Segment Open
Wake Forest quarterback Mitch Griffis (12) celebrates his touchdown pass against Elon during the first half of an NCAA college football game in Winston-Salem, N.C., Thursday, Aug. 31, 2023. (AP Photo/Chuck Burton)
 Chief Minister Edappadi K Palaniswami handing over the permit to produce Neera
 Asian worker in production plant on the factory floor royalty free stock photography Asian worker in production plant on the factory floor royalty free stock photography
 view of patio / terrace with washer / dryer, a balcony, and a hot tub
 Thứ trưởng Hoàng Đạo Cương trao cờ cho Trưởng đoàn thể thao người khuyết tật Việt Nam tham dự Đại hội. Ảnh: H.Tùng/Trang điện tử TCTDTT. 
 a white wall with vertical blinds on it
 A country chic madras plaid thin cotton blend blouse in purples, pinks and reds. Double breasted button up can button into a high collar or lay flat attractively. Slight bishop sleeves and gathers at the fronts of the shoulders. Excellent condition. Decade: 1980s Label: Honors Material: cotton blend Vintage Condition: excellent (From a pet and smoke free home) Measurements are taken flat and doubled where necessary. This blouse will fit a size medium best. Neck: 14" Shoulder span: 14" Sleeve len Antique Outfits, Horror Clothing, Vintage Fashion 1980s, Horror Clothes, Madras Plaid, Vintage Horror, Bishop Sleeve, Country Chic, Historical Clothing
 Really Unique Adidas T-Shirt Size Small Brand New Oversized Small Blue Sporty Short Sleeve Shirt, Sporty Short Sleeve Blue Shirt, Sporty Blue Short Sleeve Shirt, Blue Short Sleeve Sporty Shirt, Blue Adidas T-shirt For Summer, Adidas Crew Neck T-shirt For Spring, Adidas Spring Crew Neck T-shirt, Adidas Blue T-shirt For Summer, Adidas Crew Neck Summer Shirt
Segment Closed
Taking the line with "a white wall with vertical blinds on it" as the first, copy every line through the end of the entries above exactly, with no others.

 a white wall with vertical blinds on it
 A country chic madras plaid thin cotton blend blouse in purples, pinks and reds. Double breasted button up can button into a high collar or lay flat attractively. Slight bishop sleeves and gathers at the fronts of the shoulders. Excellent condition. Decade: 1980s Label: Honors Material: cotton blend Vintage Condition: excellent (From a pet and smoke free home) Measurements are taken flat and doubled where necessary. This blouse will fit a size medium best. Neck: 14" Shoulder span: 14" Sleeve len Antique Outfits, Horror Clothing, Vintage Fashion 1980s, Horror Clothes, Madras Plaid, Vintage Horror, Bishop Sleeve, Country Chic, Historical Clothing
 Really Unique Adidas T-Shirt Size Small Brand New Oversized Small Blue Sporty Short Sleeve Shirt, Sporty Short Sleeve Blue Shirt, Sporty Blue Short Sleeve Shirt, Blue Short Sleeve Sporty Shirt, Blue Adidas T-shirt For Summer, Adidas Crew Neck T-shirt For Spring, Adidas Spring Crew Neck T-shirt, Adidas Blue T-shirt For Summer, Adidas Crew Neck Summer Shirt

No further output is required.